A New York Times Book Review Editors' Choice. A 2019 NPR Staff Pick.
"Malcolm is always worth reading; it can be instructive to see how much satisfying craft she brings to even the most trivial article." --Phillip Lopate, TLS
Janet Malcolm’s previous collection, Forty-One False Starts: Essays on Artists and Writers, was “unmistakably the work of a master” (The New York Times Book Review). Like Forty-One False Starts, Nobody’s Looking at You brings together previously uncompiled pieces, mainly from The New Yorker and The New York Review of Books.
The title piece of this wonderfully eclectic collection is a profile of the fashion designer Eileen Fisher, whose mother often said to her, “Nobody’s looking at you.” But in every piece in this volume, Malcolm looks closely and with impunity at a broad range of subjects, from Donald Trump’s TV nemesis Rachel Maddow, to the stiletto-heel-wearing pianist Yuju Wang, to “the big-league game” of Supreme Court confirmation hearings. In an essay called “Socks,” the Pevears are seen as the “sort of asteroid [that] has hit the safe world of Russian Literature in English translation,” and in “Dreams and Anna Karenina,” the focus is Tolstoy, “one of literature’s greatest masters of manipulative techniques.” Nobody’s Looking at You concludes with “Pandora’s Click,” a brief, cautionary piece about e-mail etiquette that was written in the early two thousands, and that reverberates—albeit painfully—to this day.
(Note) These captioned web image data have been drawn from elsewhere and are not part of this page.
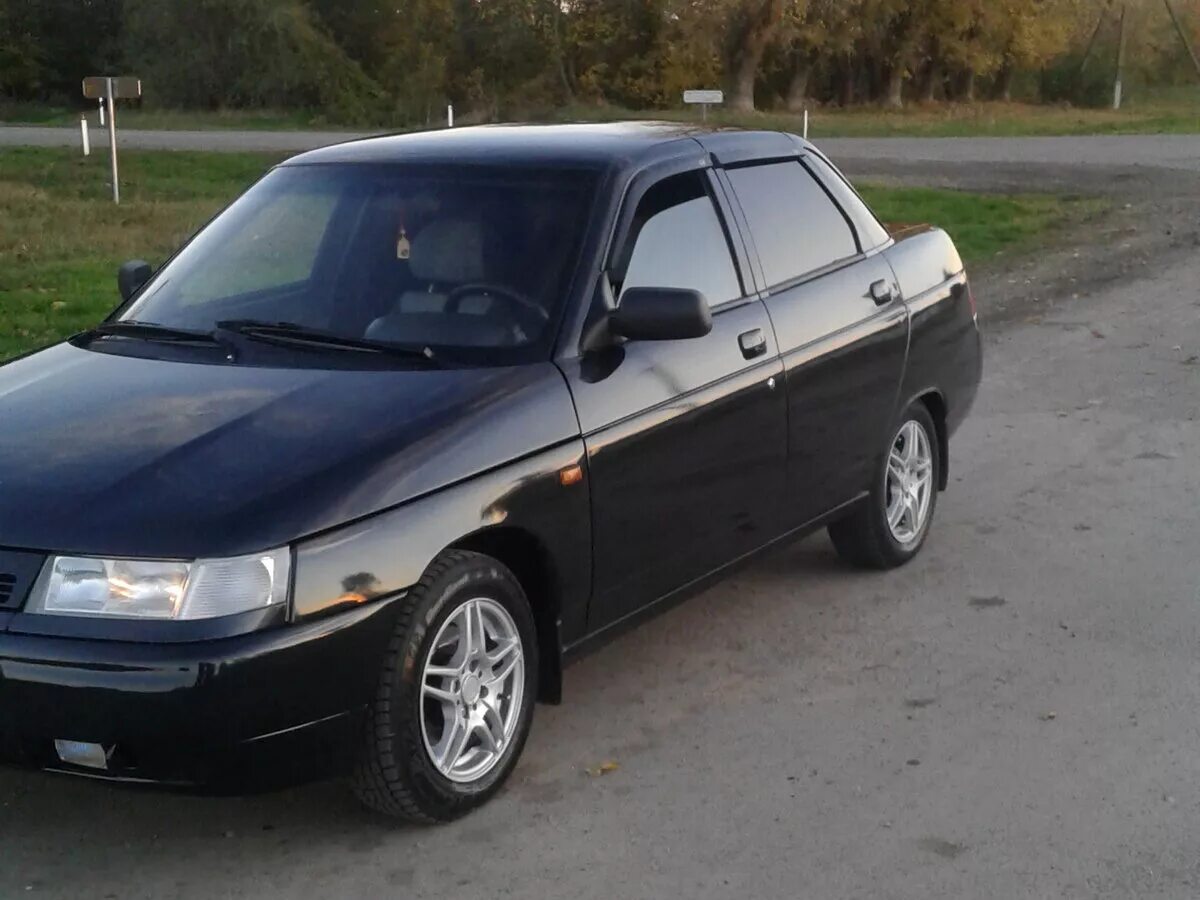 ваз 2110 седан. ваз 2110 бу. машина 10 б.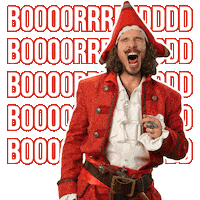 Bored Do Nothing Sticker by CaptainMorgan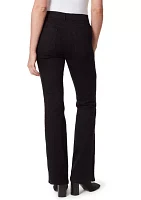 Petite Amanda Bootcut Jeans - Short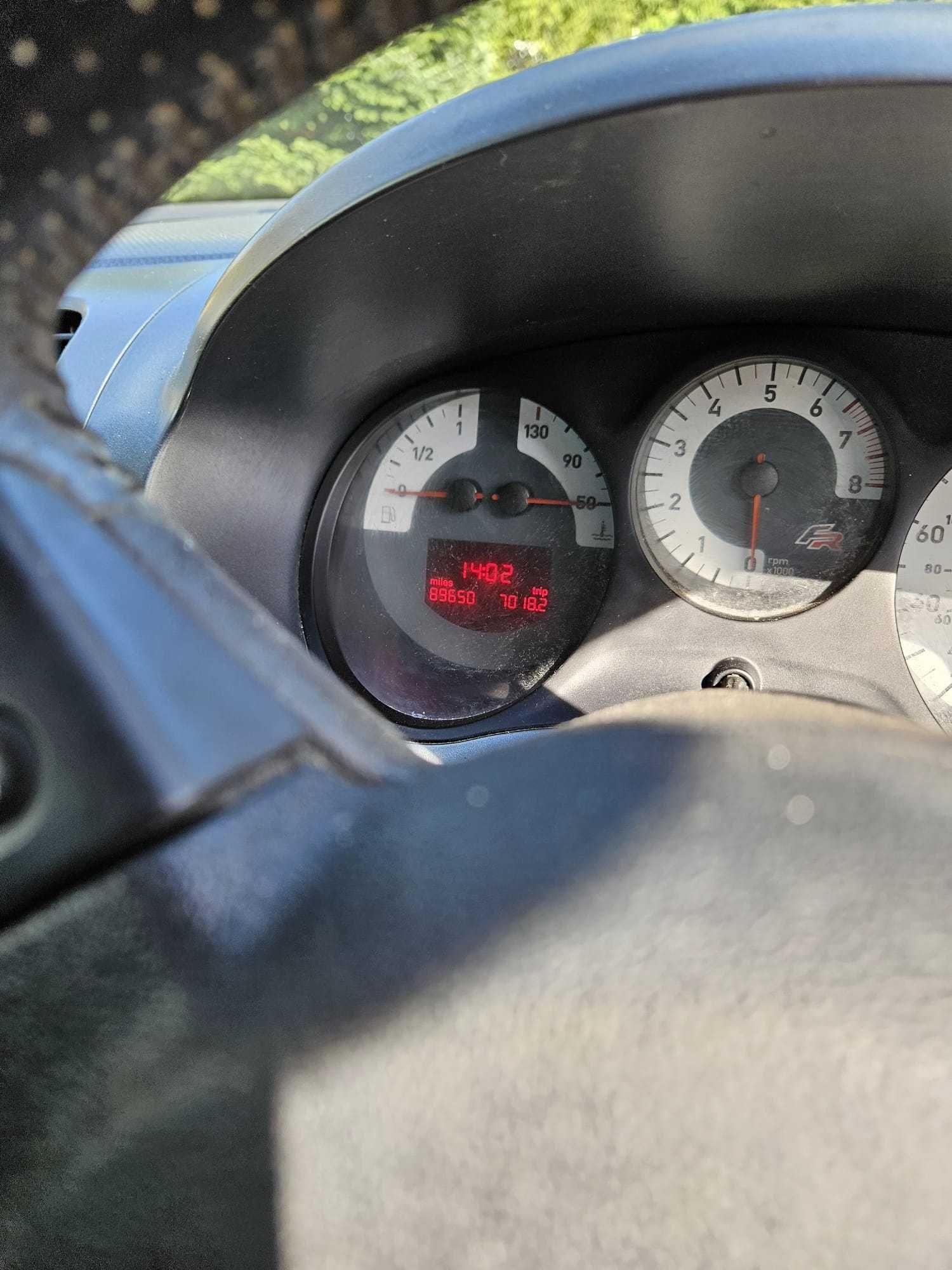 seat leon FR 2008r 2,0 tfsi turbo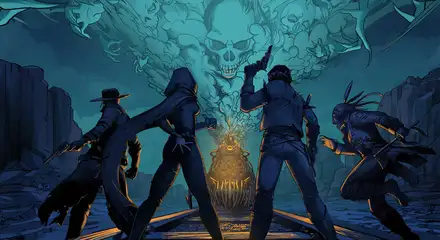 Hard West 2 Game Cover
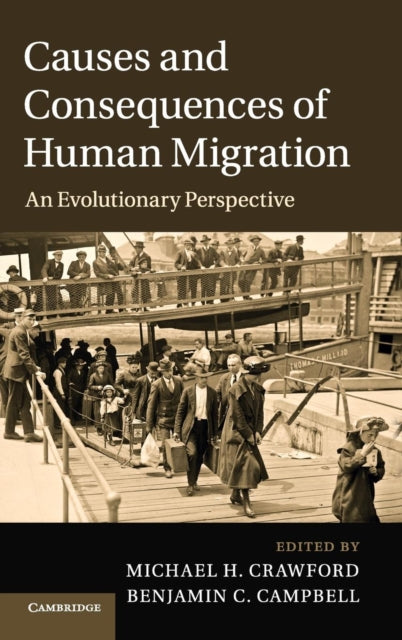 Book cover of: Causes and Consequences of Human Migration. By: Crawford, Michael H.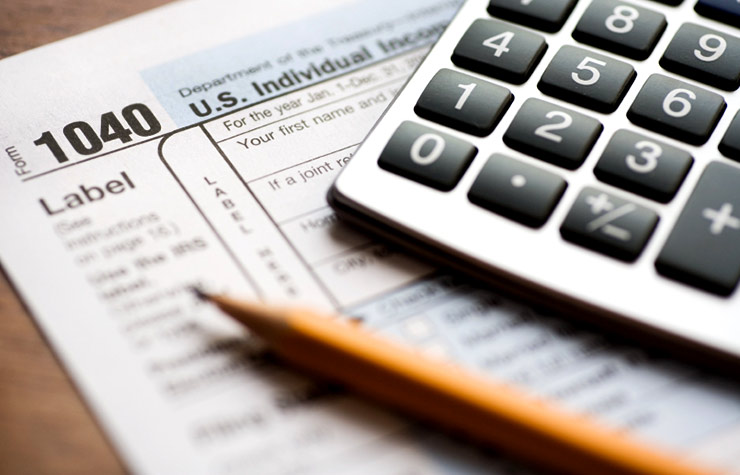 Tax form and calculator, Tax-Deferred Investments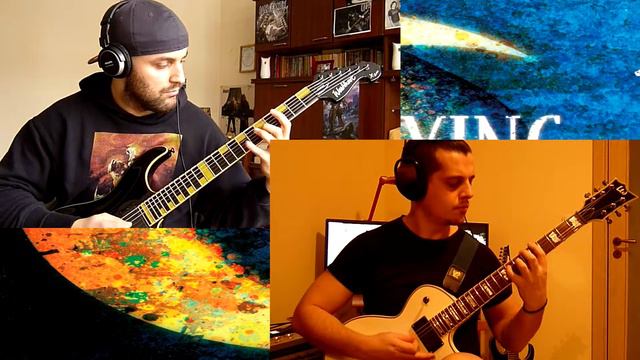 As I Lay Dying - Meaning In Tragedy (Dual Guitar Cover) смотреть онлайн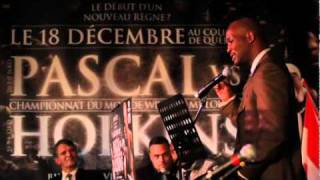 Jean Pascal vs Bernard Hopkins [upl. by Akihsat]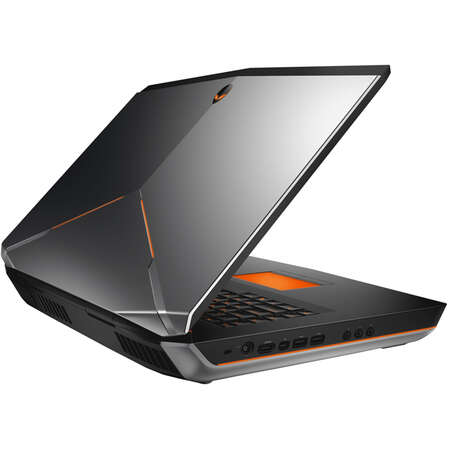 Ноутбук Dell Alienware 18 Core i7 4810MQ/16Gb/1Tb/SSD256Gb/NV GTX880M 8Gb/18.4"/Win8.1/silver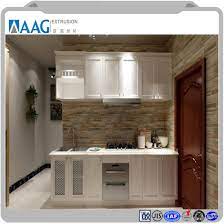 • ready to customize with a paint or stain of your choice • cabinets ship next day. China L Shaped Modular Kitchen Designs Kitchen Cabinet On Sale China Aluminum Furniture Aluminium Kitchen
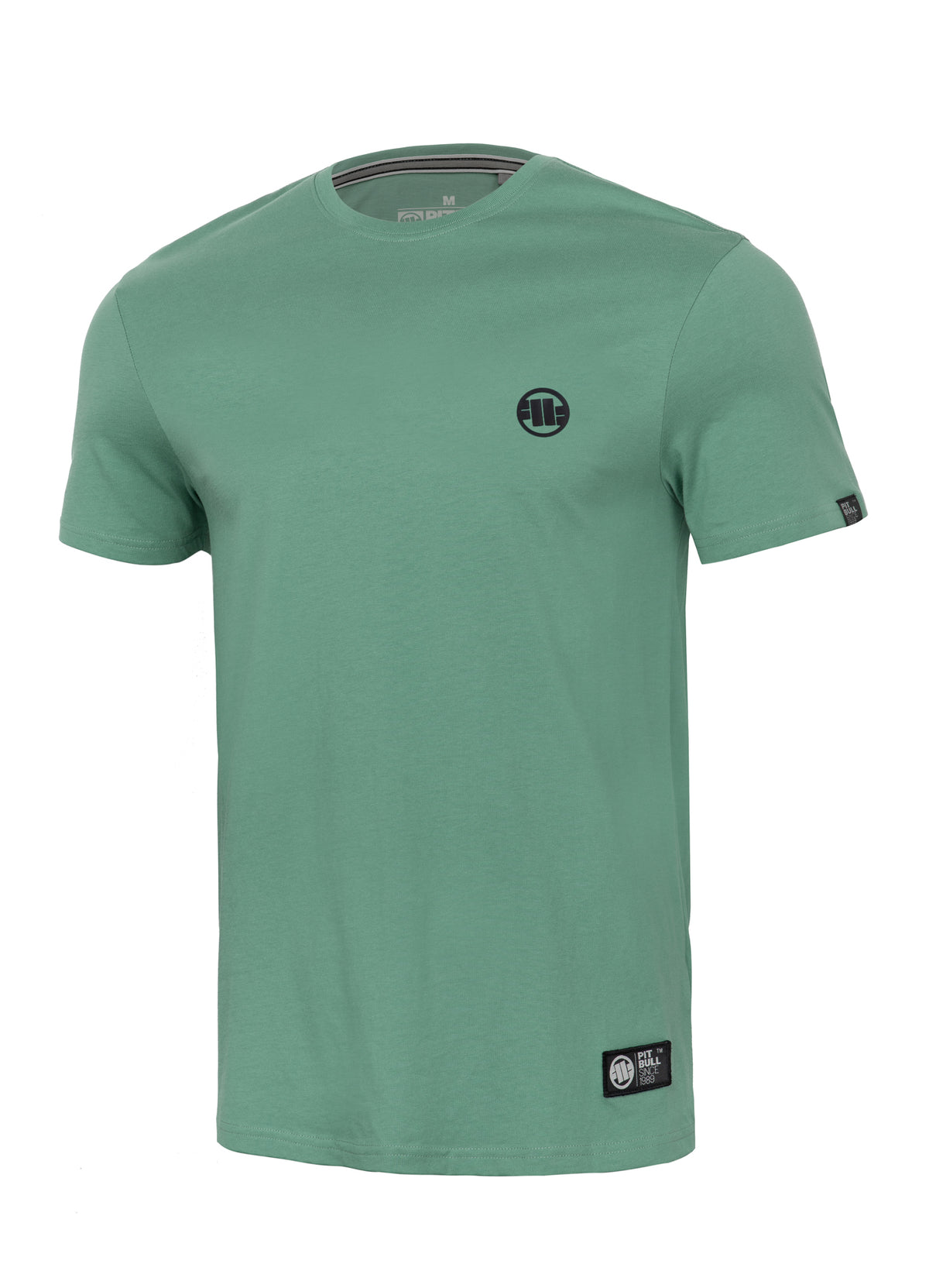 SMALL LOGO Lightweight Mint T-shirt - Pitbullstore.eu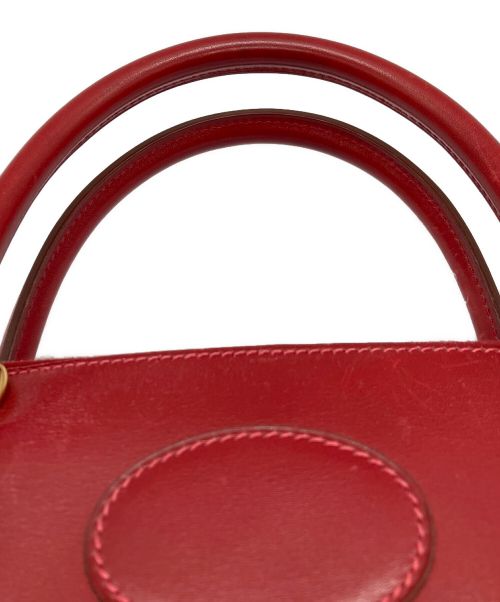 HERMES（エルメス）HERMES (エルメス) ボリード31 ルージュカザック×ゴールド サイズ:31の古着・服飾アイテム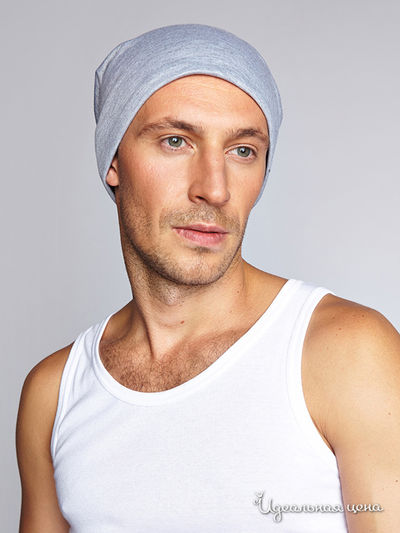 Шапка унисекс Freespirit, цвет серый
Malcolm (Forty-One False Starts: Essays on Artists and Writers) assembles an eclectic group of essays, mainly culled from the New Yorker and New York Review of Books, most of them from the past decade, into this outstanding collection. Varied and witty, the book includes profiles of such people as fashion designer Eileen Fisher, with her "aesthetic of elegant plainness" and concert pianist Yuja Wang, "whose tiny dresses and spiky heels" draw attention to the contrast between her petite frame and the "forcefulness she achieves at her instrument." Several essays are literary critiques, touching on, among other points, New Yorker writer Joseph Mitchell's ability to "bend actuality to artistic will" and how Tolstoy follows the "deep structures" of dream logic in Anna Karenina. Malcolm also explores the differing ways millennials and baby boomers view sexual harassment, email etiquette, and the high-stakes drama of John Roberts's Supreme Court nomination hearings, where little was learned about his judicial philosophy, but revelations about character emerged. With no weak selections and several strikingly prescient ones, this collection shows its author as a master of narrative nonfiction.